I suspect the Unbreakable Vow is being parsed here as adding high-level terms to someone’s utility function, and that that’s being interpreted as equivalent to erasing the previous personality.
I’m not so convinced, myself, neither that that’s the right way to look at the spell nor that values are that tightly linked to… not sure what I want to call it. Personhood? Unique agency? Whatever we actually care about when we object to murder, anyway.
EDIT: Never mind, after looking through a page or so of DanielLC’s comments I think that sentence actually expands to “[presumptively] giving people the death penalty [for breaking their Vow] with no way to ask for [...] exemption[s..., etc].” Pretty sure that’s not how the Vow works in Eliezer’s world, though, after reading the bit where Harry undergoes it.
I interpreted it to mean that people could no longer kill in self-defense, and there was no guarantee that they could be safe without ever killing in self-defense.
No. I’m saying Unbreakable Vows kill people who break them.
Hence the example I suggest—whatever price the Unbreakable Vow exacts, there will be things that are worth it, like not going to Azkaban.
Except people are cruel and many of them would rather see criminals in Azkaban than living a relatively normal life. Although to be honest, making criminals chose between Azkaban and the last part of A Clockwork Orangeis pretty awful already in my opinion.
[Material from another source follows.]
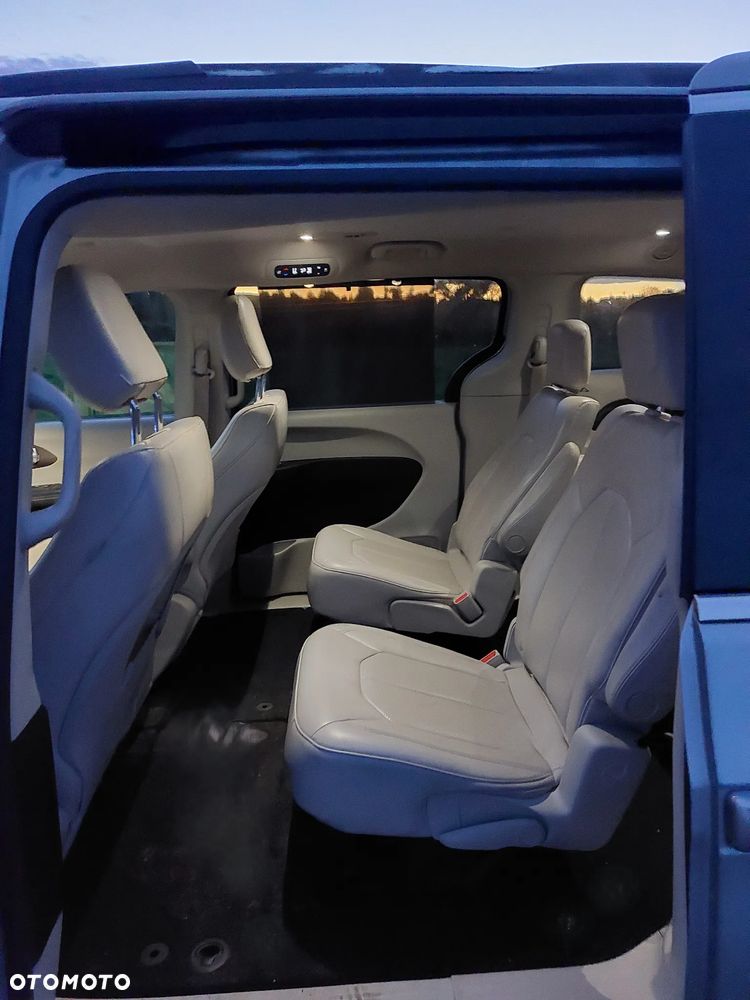 Chrysler Voyager - 24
People precommit to punishing criminals because having a precommitment discourages crime—if the criminal can figure out that you’ll change your mind once the crime is over with, and not punish them, the prospect of punishment won’t work as a deterrent. But if you have to follow through on the precommitment, that may mean you just “cruelly” punished a criminal “even though at this point causing the criminal harm doesn’t benefit anyone”.
Most people don’t consciously think of it this way, but people don’t usually know why their own memes spread.
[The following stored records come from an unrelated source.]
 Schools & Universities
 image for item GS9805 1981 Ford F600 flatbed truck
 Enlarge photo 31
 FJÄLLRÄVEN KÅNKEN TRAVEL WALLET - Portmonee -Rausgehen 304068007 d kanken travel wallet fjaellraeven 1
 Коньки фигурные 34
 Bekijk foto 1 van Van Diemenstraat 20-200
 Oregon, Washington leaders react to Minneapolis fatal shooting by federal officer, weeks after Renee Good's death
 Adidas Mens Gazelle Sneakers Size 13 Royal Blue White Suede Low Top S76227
You mean like the fact that criminals can make Unbreakable Vows not to commit crimes, as an alternative to permanent trauma and probable death in Azkaban? (other criminals can power them for a reduction in sentence time or as part of the same type of bargain—permanent loss of some magical power is still better than Azkaban)
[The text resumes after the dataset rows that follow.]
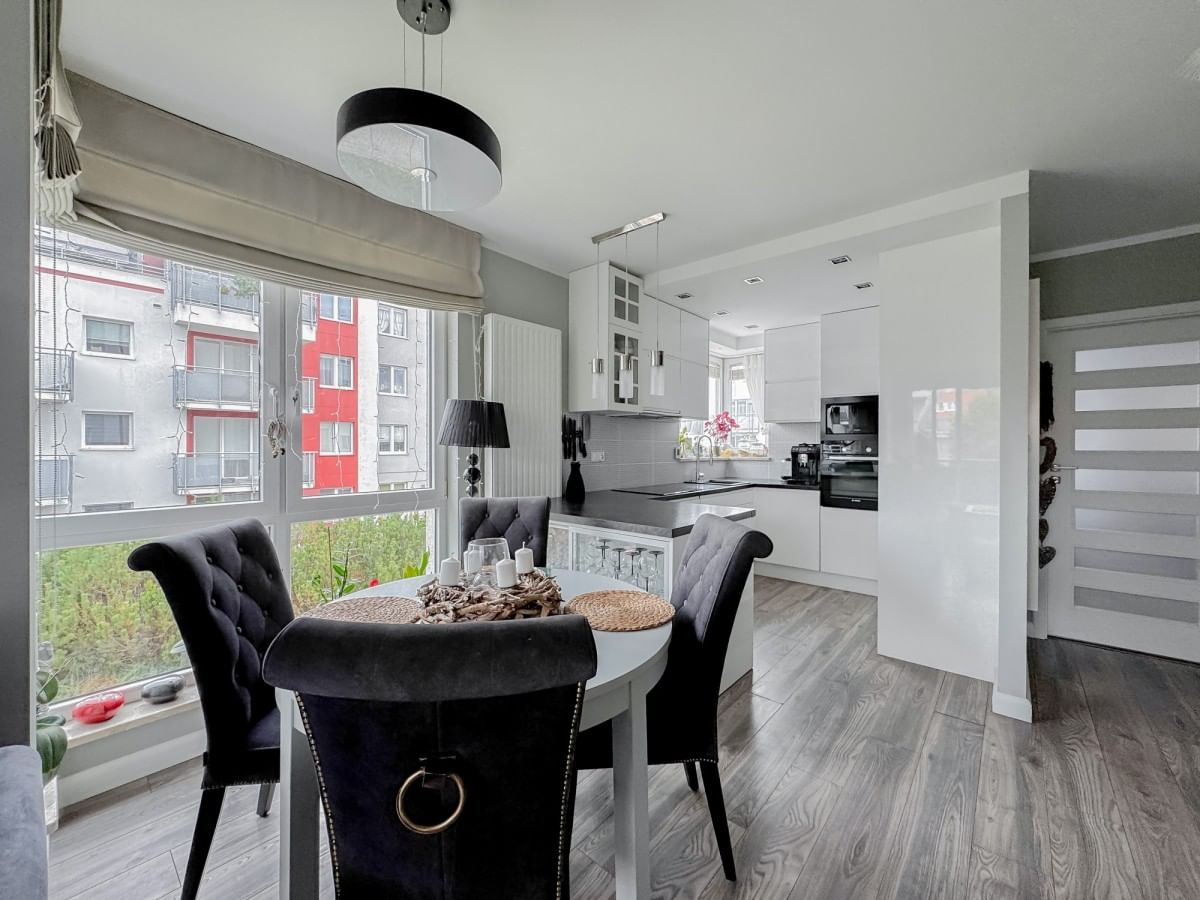 Mieszkanie 4 pokojowe na Sprzedaż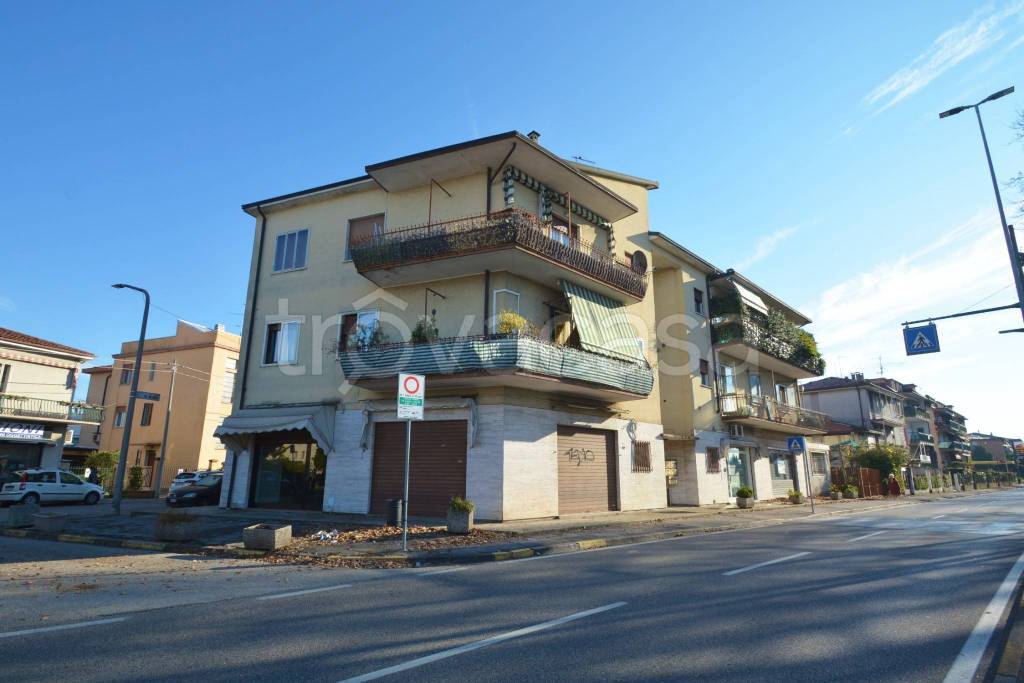 appartamento in vendita a Vicenza in zona Saviabona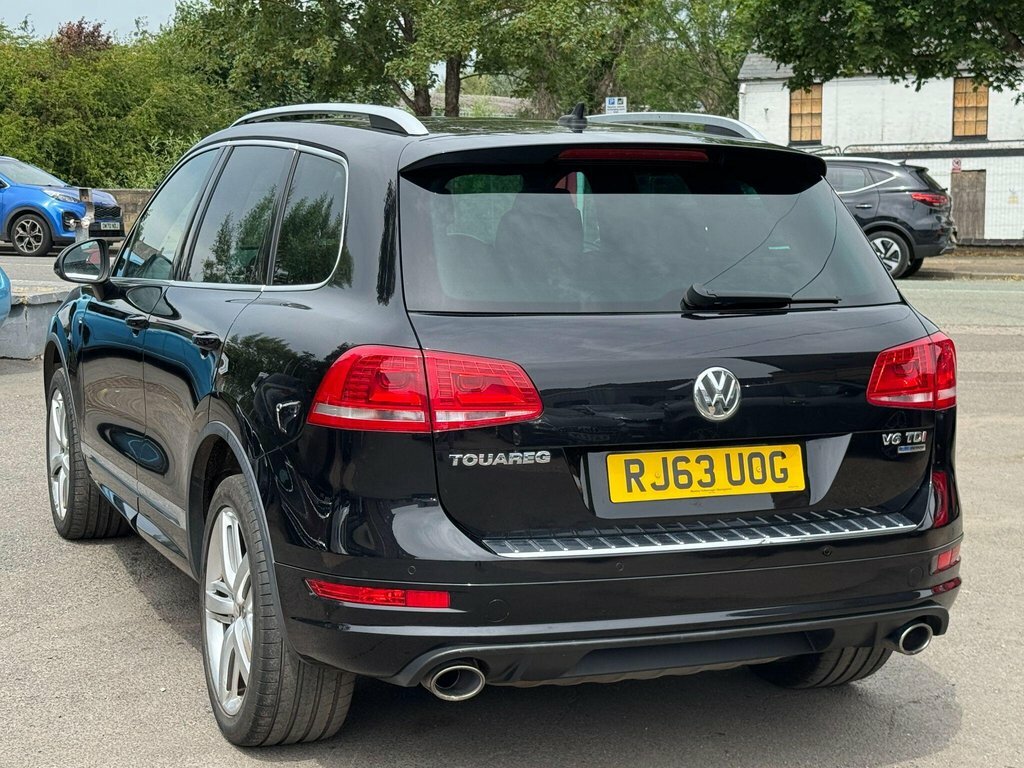 Volkswagen Touareg 3L R-line Black #5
Sure, but that’s only just scratching the surface.
Why can anyone commit crimes? Why can wizards lie, or fight except in self defense? The Trust Machine is the pearl of great price, and even wizards would build it.
If everyone was under an unbreakable vow not to commit crimes, Voldemort (who has horcruxes and can’t die from something as simple as an unbreakable vow) would just need to get one law passed saying that all must obey him. Vows against lying can be bypassed with memory charms, so they’re not really any better then veritaserum.
The Vow doesn’t kill you if you violate it, it makes you unable to violate it.
Voldemort can’t get the law passed that everyone must obey him because the law-passers are vowed not to be intimidated by snake-nazis.
Its vows all the way down.
It kills you if you violate it.
That’s the official version. Given the details in the chapter where Harry makes the vow and the details in this chapter where it mentions Harry being unable to give the final order, it seems like in the HPMoR verse that isn’t how it works.
Actually, the one wow I really do not get all wizards are not under is very simple. Merlin laid down his interdict due to a crisis of magic being used in wars in utterly unrestrained ways. Blocking people from learning certain kinds of magic is a daft way of stopping that. What you do is you take every single wizarding child of 8, and make them swear to never use any magic that would harm more than one person. Still free to fight, still free to defend themselves, just noone capable of area effect magics of destruction anymore.
How do we know the crisis was war, and not (for example) people gradually reinventing the arts with which the Atlanteans destroyed themselves?
The description of the founding of the wizengamot. War is probably not a very descriptive term for what was going on before it—The political structure implies that it is what came after a period of feuding families. In this case, feuding families with magical might backing up the kind of stupidity bloodfeuds cause.